Ну, хорошо, допустим, Тургенев не гений. Тогда в чем его интерес, как поставить в контекст его акварельной культурности мощный роман «Отцы и дети», фигуру Базарова?
Или вот «Клару Милич» у Тургенева помнят, но рассказ «Стук, стук, стук» забыли, а там такая же игра с потусторонним. Или великолепный «Бригадир», в котором прообразован Бунин – вместе с упадком дворянских гнезд и роковой любовью. К тому же отсюда можно и папашу Карамазова вывести, правда, отнюдь не в демоническом обличье, это опять же инвариантный у Тургенева сексуальный простак, а обожаемую им женщину зовут Аграфена – чем не Грушенька карамазовская? Или «История лейтенанта Ергунова», из которой потом Чехов свою «Тину» сделал (рассказ, который тот же Бунин очень высоко ценил); такая постоянная у него тема о простаке, попавшем в эротические сети. Интересно, что эта постоянная у Тургенева тема взята вне его небесно-голубых девушек и параллельных им светских обольстительниц, женщин-вамп, а в реалистических декорациях. Или «Три портрета». Или «Отчаянный» – рассказ о лихом русском молодце, который пропил и прогулял жизнь, показавшийся тогдашним либеральным критикам намеком на молодежь, пошедшую в политический терроризм; естественно, неодобрительно о рассказе отозвались. Между тем почитайте мемуары народовольцев и вокруг – вы убедитесь, что это были отнюдь не паиньки идеалистические, а отчаянные ребята. Или возьмем рассказ «Бретёр», породивший Соленого в чеховских «Трех сестрах».

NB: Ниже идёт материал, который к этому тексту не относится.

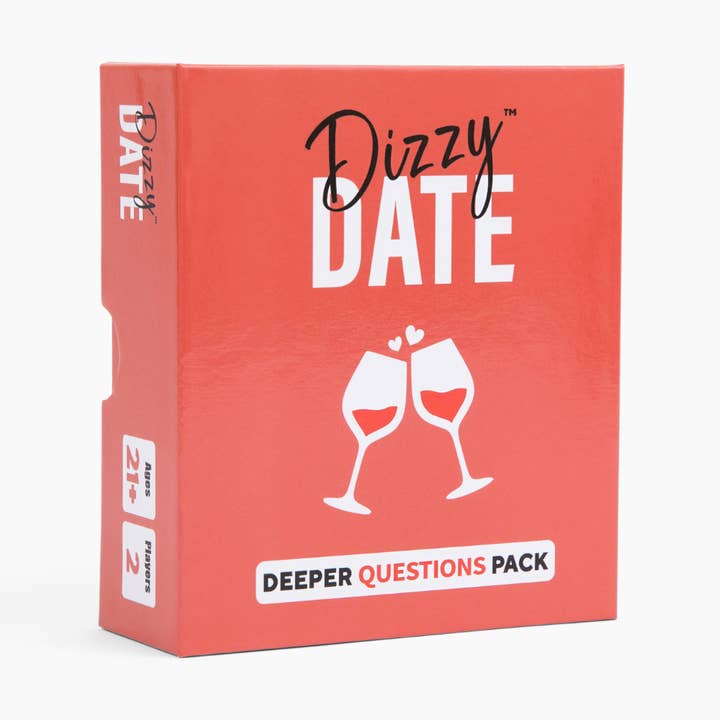 Beer Pressure – wholesale Card game – Dizzy Date - Deeper Questions Expansion Pack0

Но об этой вещи стоит особо поговорить. Она мне напомнила новеллы Артура Шницлера, современника и компатриота Фрейда, этакая психологическая штудия, как сказали бы в старину, – и очень о странностях любви, мягко говоря. Два молодых офицера вместе служат – честный немец Кистер, весь в Шиллере, и вот этот самый бретёр Лучков, этакий уцененный Печорин, всячески интересничающий, но на деле совершенно не уверенный в себе плебей. Никто в полку его не любит, а вот Кистер полюбил, сблизился с ним и всячески его развивает, немецкие стихи ему читает. И вот этот Кистер надумал свести Лучкова с соседской девушкой, помещичьей дочерью, которую этот Лучков в самом деле заинтересовал. Она даже свидание ему назначает, как водится, в близлежащей роще и в сопровождении горничной, конечно. Лучков, совершенно не умеющий себя вести с представительницами прекрасного пола, грубит и хамит, девушка, естественно, от него отвращается, и вообще выясняется, что она любит Кистера, да и он ее. Они решают пожениться, Лучков узнает об этом, вызывает Кистера на дуэль и убивает его.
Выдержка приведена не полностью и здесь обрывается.